Dr. H. Abdussamatov, head of the St. Petersburg Pulkova Astronomical Observatory (operating since 1839), points out that the earth now has hit its temperature ceiling and that solar radiation has begun to fall, which possibly could account for the current cessation of greenhouse gas emissions since 1988. He anticipates that a cooling period may now develop, and equipment currently is being installed in the Space Station to monitor this effect.
The earth has been subjected to many warming and cooling periods over millions of years, none of which were of human origin. Data from many independent sources have mutually corroborated these effects. They include data from coring both the Antarctic ice cap and sediments from the Sargasso Sea, from stalagmites, from tree rings, from up-wellings in the oceans, and from crustaceans trapped in pre-historic rock formations.
The onset of each 100,000-year abrupt warming period has been coincident with emissions into the atmosphere of large amounts of both carbon dioxide and methane greenhouse gases, which absorb additional heat from the sun, a secondary warming effect. Solar radiation would appear to be the initial forcing event in which warming oceans waters release dissolved carbon dioxide, and melt methane hydrates, both of which are present in the oceans in vast quantities. Subsequent declines in radiation are associated with long cooling periods in which the green house gases then gradually disappear (are re-absorbed) into terrestrial and ocean sinks, as reflected in the data from coring the Antarctic Ice Cap and Sargasso Sea.

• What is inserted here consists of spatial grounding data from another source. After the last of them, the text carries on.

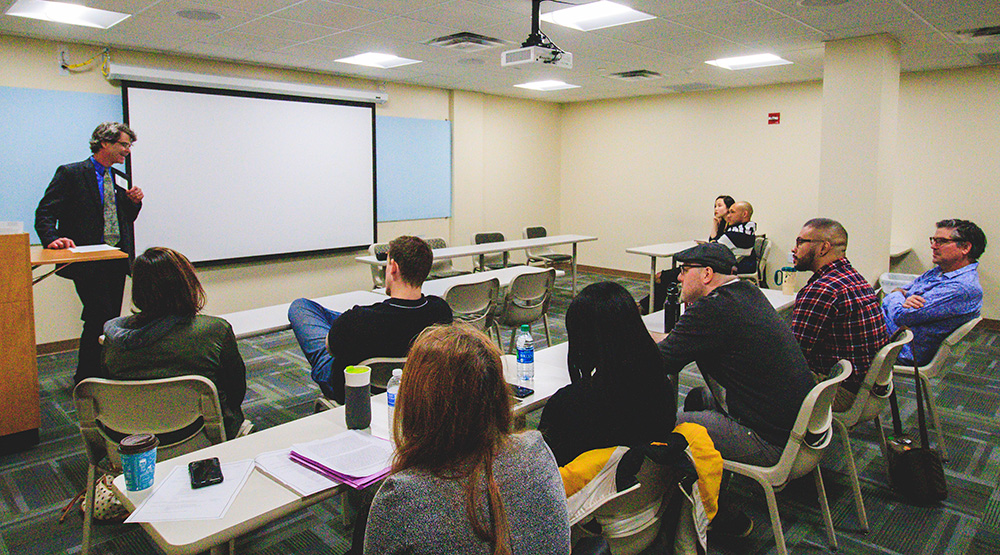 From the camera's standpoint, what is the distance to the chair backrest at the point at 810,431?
7.02 ft

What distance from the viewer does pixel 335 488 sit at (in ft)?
5.28

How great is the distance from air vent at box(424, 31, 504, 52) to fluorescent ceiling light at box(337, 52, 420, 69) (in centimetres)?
81

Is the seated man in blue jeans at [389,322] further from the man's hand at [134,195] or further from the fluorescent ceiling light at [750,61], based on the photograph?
the fluorescent ceiling light at [750,61]

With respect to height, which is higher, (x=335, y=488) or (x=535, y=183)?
(x=535, y=183)

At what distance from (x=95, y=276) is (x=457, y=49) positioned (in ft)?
11.0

The current 100 year solar radiation cycle may now have reached its peak, and irradiation intensity has been observed to be declining. This might account for the very recent net cessation of emission of green house gases into the atmosphere starting about 1988, in spite of increasing generation of anthropomorphically-sourced industrial-based green house gases.
While it seems likely that solar radiation, rather than human activity, is the "forcing agent" for global warming, the subject surely needs more study.
Dr. D. Bruce Merrifield is a former Undersecretary of Commerce for Economic Affairs and Professor Emeritus of the Wharton School of Business at the University of Pennsylvania. He holds Masters and Doctoral degrees in physical organic chemistry and currently is a member of the Visiting Committee for Physical Sciences at the University of Chicago.